I know ive got all the old Hogg's back to #1, im trying to remember on Cali Swangin..... i know ive got alot of older ones, maybe not all of them, ill have to check and between 2 or 3 of us im sure we can come up with all of them! Ill try to remember to check when i get home, and post a list of them.


----------



## Hooked 2 Glass (Jul 9, 2003)

dayum guys thats great news! get at me, I' ll definately need a copy. 

PMed


----------



## baldvogues (Jun 20, 2008)

Somebody get a hold of KJ because ideally we'd get the master copies (if they exist) rather than end up with VHS quality on a DVD.


----------



## skeazy (Jun 2, 2006)

WAS THAT #12 WHEN THEY PLAYED CHRONIC 2001 THE WHOLE DVD ?!?!?!THAT WAS THE SHIT!!!!!!!YEAH SOMEBODY GET THOSE OLDER COPIES ON DVD i'M FROM DETROIT AND WE DIDN'T GET ON WITH CALISWANGIN' TIL ABOUT CHAPTER 10!I'D LIKE TO SEE SOME OF THAT LIVE ASS 90'S FOOTAGE! THEY SHOULD JUST PRODUCE A BOX SET!!!!!!!!!!


----------



## JasonJ (Aug 20, 2002)

> _Originally posted by JasonJ_@Jul 9 2008, 08:03 AM~11044904
> *I know ive got all the old Hogg's back to #1, im trying to remember on Cali Swangin..... i know ive got alot of older ones, maybe not all of them, ill have to check and between 2 or 3 of us im sure we can come up with all of them!

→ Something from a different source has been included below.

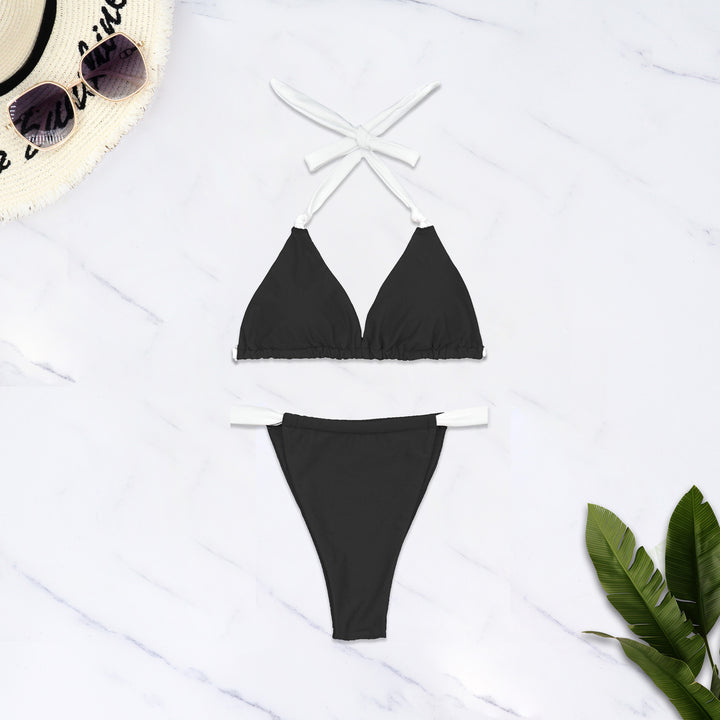 Women's Triangle Bikini with Adjustable Straps and Elastic Waist Mune Fashion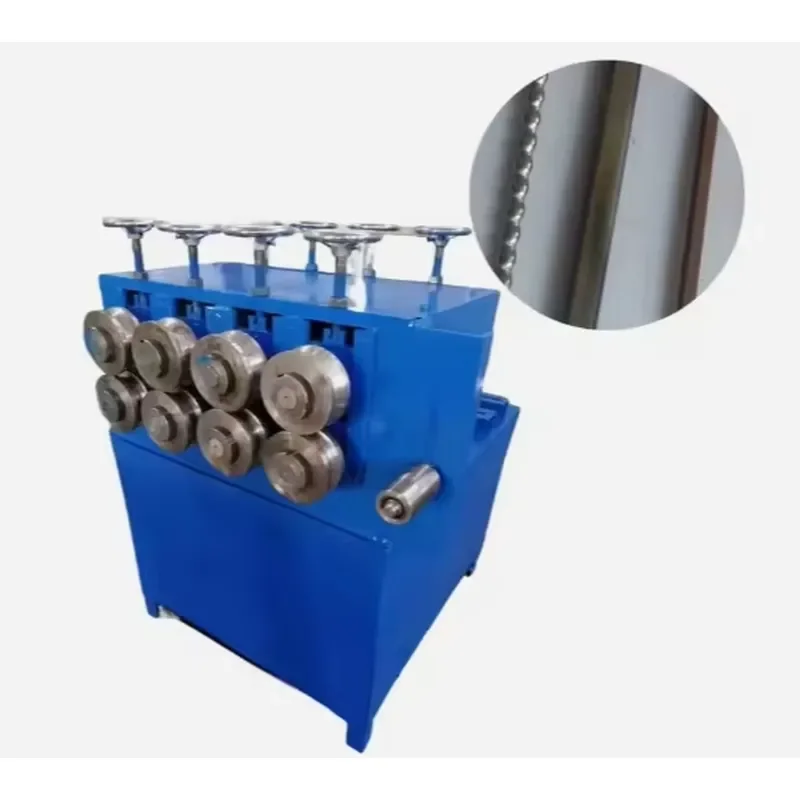 Metal Pipe square Equipment to Change Round square Round Pipe Shrink square Machine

Ill try to remember to check when i get home, and post a list of them.
> *


Ok, ive got 3, 4, 5, 6, 7, 8, 9, 11, 12, 13, 15, 16, 17, 18, 19, 21

I have 2 of vol. 7 if someone wants to trade for one i dont have.

If someone is serious about putting them on DVD, we just need to get the missing volumes.


----------



## redrum702 (Jun 23, 2006)

> _Originally posted by baldvogues_@Jul 9 2008, 12:37 PM~11047293
> *Somebody get a hold of KJ because ideally we'd get the master copies (if they exist) rather than end up with VHS quality on a DVD.
> *


THE NUMBER KJ/ CALI SWANGIN HEADQUARTERS IS 818-727-1976 TALKED TO HIM TODAY THERE $19.95 THAT INCLUDES SHIPPING AND HANDLING I DONT KNOW IF HE HAS THE FIRST 5 BUT HE SAID HE HAD 5 TO 41


----------



## lowlou (Mar 9, 2007)

> _Originally posted by redrum702_@Jul 9 2008, 10:02 PM~11052303
> *THE NUMBER KJ/ CALI SWANGIN HEADQUARTERS IS 818-727-1976 TALKED TO HIM TODAY THERE $19.95 THAT INCLUDES SHIPPING AND HANDLING I DONT KNOW IF HE HAS THE FIRST 5 BUT HE SAID HE HAD 5 TO 41
> *



:0 :cheesy:


----------



## Hooked 2 Glass (Jul 9, 2003)

:thumbsup:


----------



## BIG RED (Dec 6, 2005)

> _Originally posted by baldvogues+Jul 8 2008, 04:03 PM~11039628-->
> 
> 
> 
> ...


Shit if you can put alot of the volumes on 3 to 5 dvd's that would be bad ass.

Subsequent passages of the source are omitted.